C’était un bulletin PCB et j’ai adhéré au PCB même si, fondamentalement, je me sentais toujours proche de LO. Mes rapports avec des militants de LO m’ont permis d’amener quelques sympathisants LO (des étudiants de l’ULB essentiellement) sur le projet. Il ne s’agissait pas pour moi « d’infiltrer » le PC liégeois ou de faire de « l’entrisme » pour le compte de LO. Simplement, comme communiste, à Liège, ces sections du PCB étaient à mes yeux la seule possibilité pour faire un véritable travail de classe. C’est ainsi que « La voix des travailleurs » a vu le jour.
Clarté : Combien de temps le PCB liégeois a-t-il assumé politiquement le bulletin ?
L. : Pendant deux ans. Les premières pressions sont venues de la FGTB, puis, du PC. Le clash de VW a été invoqué contre le bulletin, et là aussi, les partisans de « Gauche Unie » (opposé aux partisans d’un vrai parti communiste) voyaient dans ce bulletin critique un obstacle. La direction du PC a mis toute l’équipe en demeure de choisir : soit arrêter le bulletin, soit quitter le PC.

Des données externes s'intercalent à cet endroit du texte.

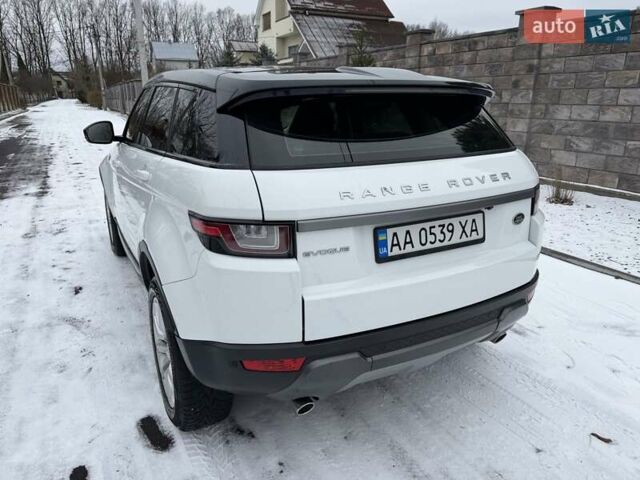 Белый Ленд Ровер Рендж Ровер Эвок, объемом двигателя 2.18 л и пробегом 83 тыс. км за 23000 $, фото 6 на Automoto.ua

J’ai refusé d’arrêter le bulletin et ai été expulsé du PC en 97. Les autres ont profité du fait que la discipline du PC, à Liège, est très relative. De fait, la direction s’est contentée de déclarations de principe, sans trop se soucier de leur application. Pratiquement, le noyau est resté au PC et a continué à produire et diffuser le journal... Comme le PC ne milite plus (pas seulement dans la classe : en général), les gens proches du PC qui collaborent au bulletin vivent cette double engagement sans contradiction : on a sa carte au PC parce que, traditionnellement, c’est le parti auquel on appartient, mais le travail militant se fait au bénéfice du bulletin.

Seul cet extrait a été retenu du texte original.